--- Data shown ---
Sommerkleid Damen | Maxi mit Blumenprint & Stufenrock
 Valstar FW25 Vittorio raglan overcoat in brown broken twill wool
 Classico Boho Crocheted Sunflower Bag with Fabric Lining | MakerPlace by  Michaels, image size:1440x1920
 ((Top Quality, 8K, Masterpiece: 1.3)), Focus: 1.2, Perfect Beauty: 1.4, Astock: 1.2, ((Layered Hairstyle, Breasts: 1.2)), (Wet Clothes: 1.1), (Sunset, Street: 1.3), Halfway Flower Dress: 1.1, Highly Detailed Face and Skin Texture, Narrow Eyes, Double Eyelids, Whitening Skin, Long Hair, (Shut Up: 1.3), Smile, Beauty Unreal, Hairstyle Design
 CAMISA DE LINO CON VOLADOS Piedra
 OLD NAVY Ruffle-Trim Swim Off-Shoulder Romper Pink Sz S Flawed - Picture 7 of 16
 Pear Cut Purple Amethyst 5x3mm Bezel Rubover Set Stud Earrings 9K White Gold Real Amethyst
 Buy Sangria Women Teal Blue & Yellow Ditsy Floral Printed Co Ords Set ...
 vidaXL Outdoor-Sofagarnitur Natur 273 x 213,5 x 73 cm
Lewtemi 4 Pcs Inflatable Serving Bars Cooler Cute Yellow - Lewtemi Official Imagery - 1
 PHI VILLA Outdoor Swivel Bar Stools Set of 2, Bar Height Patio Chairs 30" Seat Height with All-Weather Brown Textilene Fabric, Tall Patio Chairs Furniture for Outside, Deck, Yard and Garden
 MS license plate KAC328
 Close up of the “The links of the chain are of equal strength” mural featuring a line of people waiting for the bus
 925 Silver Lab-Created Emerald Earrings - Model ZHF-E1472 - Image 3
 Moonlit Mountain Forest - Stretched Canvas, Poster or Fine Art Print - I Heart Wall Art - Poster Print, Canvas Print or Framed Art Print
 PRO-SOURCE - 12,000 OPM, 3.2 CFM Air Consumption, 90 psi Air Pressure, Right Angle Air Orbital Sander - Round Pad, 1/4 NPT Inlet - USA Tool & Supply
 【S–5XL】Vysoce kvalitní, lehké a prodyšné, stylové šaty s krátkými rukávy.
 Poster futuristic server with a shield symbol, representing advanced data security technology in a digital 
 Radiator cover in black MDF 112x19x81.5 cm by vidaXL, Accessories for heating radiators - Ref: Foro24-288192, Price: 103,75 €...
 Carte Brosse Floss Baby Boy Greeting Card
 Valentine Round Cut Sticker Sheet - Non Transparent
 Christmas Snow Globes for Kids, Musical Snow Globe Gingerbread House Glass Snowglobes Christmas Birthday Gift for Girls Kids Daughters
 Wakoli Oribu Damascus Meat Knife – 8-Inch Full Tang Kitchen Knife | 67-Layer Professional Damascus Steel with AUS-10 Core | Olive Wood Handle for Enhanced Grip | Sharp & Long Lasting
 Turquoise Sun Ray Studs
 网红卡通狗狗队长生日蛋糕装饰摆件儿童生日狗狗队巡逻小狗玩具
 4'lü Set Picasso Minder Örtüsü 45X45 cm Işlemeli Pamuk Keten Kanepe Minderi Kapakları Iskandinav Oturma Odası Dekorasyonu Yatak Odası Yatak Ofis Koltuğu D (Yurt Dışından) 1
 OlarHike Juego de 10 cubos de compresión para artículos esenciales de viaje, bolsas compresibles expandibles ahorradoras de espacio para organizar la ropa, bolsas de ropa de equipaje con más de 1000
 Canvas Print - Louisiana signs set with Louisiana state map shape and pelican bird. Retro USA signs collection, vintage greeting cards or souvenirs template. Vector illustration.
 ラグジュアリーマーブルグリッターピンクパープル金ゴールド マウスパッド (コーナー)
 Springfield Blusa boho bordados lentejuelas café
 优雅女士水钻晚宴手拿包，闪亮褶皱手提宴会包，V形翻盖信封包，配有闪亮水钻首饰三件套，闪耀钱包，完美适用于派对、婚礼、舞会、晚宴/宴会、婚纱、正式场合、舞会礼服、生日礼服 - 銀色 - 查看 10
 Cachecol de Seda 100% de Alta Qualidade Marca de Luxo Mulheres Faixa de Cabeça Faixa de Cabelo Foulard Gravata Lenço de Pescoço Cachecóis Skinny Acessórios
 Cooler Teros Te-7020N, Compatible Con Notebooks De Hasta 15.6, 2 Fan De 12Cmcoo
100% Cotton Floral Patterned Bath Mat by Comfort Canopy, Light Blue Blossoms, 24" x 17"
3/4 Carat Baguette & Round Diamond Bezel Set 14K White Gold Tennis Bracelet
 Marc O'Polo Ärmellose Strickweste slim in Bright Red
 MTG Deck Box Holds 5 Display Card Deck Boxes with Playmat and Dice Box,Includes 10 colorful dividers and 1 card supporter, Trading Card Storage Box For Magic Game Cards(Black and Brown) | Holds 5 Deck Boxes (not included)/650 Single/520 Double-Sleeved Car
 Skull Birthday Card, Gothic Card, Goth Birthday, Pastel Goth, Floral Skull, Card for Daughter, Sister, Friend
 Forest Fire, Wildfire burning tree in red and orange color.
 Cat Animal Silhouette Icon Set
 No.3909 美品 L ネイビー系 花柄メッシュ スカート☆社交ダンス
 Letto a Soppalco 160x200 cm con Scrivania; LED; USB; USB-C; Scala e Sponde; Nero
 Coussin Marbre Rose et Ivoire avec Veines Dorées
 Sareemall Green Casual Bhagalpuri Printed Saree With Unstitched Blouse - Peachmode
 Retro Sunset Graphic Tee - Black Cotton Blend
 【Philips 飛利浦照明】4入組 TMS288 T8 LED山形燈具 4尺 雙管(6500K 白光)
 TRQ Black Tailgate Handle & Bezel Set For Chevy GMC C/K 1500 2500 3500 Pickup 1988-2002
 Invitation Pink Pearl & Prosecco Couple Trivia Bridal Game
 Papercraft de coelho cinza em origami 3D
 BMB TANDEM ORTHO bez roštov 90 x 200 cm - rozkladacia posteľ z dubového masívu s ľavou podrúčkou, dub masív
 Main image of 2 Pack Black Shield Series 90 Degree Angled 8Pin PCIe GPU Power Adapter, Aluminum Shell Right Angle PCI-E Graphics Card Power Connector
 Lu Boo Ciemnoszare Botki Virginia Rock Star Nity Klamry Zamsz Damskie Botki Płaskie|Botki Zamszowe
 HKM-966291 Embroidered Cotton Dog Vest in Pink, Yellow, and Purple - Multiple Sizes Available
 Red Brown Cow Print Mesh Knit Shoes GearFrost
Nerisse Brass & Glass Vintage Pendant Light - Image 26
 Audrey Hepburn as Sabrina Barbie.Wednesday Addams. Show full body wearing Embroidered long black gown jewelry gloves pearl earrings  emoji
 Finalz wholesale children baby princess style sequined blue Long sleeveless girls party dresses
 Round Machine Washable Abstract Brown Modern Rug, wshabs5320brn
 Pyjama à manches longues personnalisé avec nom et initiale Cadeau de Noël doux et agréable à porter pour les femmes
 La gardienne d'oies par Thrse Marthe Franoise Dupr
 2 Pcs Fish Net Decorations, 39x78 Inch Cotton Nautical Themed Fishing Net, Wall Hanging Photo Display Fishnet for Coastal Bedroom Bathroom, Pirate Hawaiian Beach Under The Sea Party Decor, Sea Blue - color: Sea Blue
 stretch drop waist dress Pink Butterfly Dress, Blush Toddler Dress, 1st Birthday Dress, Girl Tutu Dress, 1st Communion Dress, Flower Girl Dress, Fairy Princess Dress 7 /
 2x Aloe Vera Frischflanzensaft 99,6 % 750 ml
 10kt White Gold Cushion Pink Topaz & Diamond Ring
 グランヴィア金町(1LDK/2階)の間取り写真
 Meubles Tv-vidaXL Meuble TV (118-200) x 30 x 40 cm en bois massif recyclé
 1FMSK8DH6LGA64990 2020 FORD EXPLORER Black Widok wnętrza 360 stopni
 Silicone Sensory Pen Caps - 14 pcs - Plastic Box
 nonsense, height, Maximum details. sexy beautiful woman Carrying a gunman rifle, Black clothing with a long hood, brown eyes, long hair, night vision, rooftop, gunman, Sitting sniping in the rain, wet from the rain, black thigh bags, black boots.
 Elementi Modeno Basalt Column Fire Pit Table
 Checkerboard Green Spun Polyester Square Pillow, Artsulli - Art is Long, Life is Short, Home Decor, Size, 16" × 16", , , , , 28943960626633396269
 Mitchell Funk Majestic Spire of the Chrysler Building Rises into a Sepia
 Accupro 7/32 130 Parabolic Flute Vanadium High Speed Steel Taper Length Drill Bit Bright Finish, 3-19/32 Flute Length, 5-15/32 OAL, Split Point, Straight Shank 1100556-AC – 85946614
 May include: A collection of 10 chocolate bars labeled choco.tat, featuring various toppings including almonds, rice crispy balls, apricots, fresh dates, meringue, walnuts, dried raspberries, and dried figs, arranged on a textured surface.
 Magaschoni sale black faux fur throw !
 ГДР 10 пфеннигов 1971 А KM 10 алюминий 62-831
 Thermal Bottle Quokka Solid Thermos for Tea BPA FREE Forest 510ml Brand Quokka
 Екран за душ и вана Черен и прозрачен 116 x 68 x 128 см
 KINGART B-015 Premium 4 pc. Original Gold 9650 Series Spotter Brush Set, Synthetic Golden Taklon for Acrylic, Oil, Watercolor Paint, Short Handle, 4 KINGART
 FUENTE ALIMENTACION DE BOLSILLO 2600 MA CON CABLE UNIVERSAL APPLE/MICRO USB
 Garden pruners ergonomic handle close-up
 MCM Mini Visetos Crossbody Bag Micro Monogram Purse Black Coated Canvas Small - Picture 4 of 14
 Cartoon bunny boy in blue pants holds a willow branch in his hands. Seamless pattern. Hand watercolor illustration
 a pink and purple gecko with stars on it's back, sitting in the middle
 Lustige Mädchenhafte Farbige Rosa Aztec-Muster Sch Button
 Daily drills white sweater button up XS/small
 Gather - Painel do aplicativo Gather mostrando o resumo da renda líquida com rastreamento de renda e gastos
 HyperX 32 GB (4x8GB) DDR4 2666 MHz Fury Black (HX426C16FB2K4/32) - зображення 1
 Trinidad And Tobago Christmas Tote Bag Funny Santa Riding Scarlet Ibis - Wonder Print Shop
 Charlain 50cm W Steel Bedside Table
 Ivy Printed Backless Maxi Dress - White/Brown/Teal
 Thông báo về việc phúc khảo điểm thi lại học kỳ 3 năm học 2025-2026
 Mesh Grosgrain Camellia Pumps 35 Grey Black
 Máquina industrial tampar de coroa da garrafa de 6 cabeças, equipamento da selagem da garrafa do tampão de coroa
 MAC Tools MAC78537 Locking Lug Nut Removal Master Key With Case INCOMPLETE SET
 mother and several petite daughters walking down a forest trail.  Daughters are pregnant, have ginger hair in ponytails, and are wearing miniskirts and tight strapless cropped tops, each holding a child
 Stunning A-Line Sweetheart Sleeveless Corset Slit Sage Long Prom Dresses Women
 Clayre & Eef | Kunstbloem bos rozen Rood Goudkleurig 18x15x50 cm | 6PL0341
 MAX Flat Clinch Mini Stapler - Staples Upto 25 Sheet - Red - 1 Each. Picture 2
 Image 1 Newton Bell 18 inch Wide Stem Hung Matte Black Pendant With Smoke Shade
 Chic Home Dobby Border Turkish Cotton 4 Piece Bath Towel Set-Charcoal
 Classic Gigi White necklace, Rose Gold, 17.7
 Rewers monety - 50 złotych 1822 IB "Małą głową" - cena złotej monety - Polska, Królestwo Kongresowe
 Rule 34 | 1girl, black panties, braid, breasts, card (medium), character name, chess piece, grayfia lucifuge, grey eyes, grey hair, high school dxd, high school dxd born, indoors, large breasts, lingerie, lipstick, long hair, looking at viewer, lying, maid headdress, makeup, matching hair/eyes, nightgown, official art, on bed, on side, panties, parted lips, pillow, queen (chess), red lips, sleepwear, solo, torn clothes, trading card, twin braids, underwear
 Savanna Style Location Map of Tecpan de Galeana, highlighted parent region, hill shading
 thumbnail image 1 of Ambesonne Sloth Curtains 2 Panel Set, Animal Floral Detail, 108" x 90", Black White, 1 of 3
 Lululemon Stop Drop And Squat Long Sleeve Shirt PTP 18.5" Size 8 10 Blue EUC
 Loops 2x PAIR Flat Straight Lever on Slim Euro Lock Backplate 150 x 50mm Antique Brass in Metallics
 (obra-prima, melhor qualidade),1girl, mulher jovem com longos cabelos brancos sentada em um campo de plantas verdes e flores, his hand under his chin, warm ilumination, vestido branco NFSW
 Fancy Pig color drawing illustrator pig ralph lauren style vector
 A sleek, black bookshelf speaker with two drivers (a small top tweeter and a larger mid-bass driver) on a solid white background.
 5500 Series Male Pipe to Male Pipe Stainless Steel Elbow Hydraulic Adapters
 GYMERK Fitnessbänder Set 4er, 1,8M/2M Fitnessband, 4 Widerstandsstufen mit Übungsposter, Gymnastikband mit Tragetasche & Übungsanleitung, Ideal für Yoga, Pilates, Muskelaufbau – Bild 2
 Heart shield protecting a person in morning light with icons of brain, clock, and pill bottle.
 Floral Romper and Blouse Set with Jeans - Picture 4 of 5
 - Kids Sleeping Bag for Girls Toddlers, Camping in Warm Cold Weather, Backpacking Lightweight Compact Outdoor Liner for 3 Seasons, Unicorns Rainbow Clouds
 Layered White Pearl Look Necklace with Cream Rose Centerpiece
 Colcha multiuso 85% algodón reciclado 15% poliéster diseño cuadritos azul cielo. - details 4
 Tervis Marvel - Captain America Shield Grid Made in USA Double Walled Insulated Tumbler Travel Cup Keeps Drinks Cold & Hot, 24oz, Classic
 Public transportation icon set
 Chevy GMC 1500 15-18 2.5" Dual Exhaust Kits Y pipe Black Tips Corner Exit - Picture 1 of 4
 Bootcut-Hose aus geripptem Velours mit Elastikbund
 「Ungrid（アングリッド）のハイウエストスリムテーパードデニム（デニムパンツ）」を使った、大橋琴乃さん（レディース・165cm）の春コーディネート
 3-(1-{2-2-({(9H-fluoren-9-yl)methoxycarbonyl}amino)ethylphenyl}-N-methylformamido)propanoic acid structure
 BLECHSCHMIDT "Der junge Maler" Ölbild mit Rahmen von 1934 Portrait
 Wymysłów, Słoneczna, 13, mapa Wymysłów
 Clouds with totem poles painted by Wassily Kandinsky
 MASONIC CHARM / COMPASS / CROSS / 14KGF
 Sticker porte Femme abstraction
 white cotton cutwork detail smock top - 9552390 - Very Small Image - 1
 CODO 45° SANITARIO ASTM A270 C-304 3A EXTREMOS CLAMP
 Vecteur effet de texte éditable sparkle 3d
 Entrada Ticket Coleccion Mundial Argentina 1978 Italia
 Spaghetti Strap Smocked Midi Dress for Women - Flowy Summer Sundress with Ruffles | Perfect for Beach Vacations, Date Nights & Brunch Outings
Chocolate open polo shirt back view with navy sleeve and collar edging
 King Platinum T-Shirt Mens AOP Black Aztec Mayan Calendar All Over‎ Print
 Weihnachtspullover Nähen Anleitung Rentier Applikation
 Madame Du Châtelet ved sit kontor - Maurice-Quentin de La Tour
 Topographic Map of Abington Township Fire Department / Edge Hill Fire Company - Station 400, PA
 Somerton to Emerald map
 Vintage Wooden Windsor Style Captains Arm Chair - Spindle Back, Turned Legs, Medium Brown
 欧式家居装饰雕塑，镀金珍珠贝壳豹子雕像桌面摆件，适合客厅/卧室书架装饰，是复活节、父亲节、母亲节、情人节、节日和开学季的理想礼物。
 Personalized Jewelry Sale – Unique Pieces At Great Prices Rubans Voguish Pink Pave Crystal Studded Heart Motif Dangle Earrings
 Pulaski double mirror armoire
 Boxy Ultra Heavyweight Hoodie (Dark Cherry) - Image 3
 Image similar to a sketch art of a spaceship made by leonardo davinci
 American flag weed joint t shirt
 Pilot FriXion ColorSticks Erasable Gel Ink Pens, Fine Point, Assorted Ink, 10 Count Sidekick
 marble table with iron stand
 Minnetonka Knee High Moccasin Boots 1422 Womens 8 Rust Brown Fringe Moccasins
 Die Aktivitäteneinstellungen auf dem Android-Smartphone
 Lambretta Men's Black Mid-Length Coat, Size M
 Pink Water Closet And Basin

--- What needs to be done ---
From the line holding "Wakoli Oribu Damascus" to the line holding "网红卡通狗狗队长生日蛋糕装饰摆件儿童生日狗狗队巡逻小狗玩具", inclusive, restate each line above exactly as written.

--- Response below ---
 Wakoli Oribu Damascus Meat Knife – 8-Inch Full Tang Kitchen Knife | 67-Layer Professional Damascus Steel with AUS-10 Core | Olive Wood Handle for Enhanced Grip | Sharp & Long Lasting
 Turquoise Sun Ray Studs
 网红卡通狗狗队长生日蛋糕装饰摆件儿童生日狗狗队巡逻小狗玩具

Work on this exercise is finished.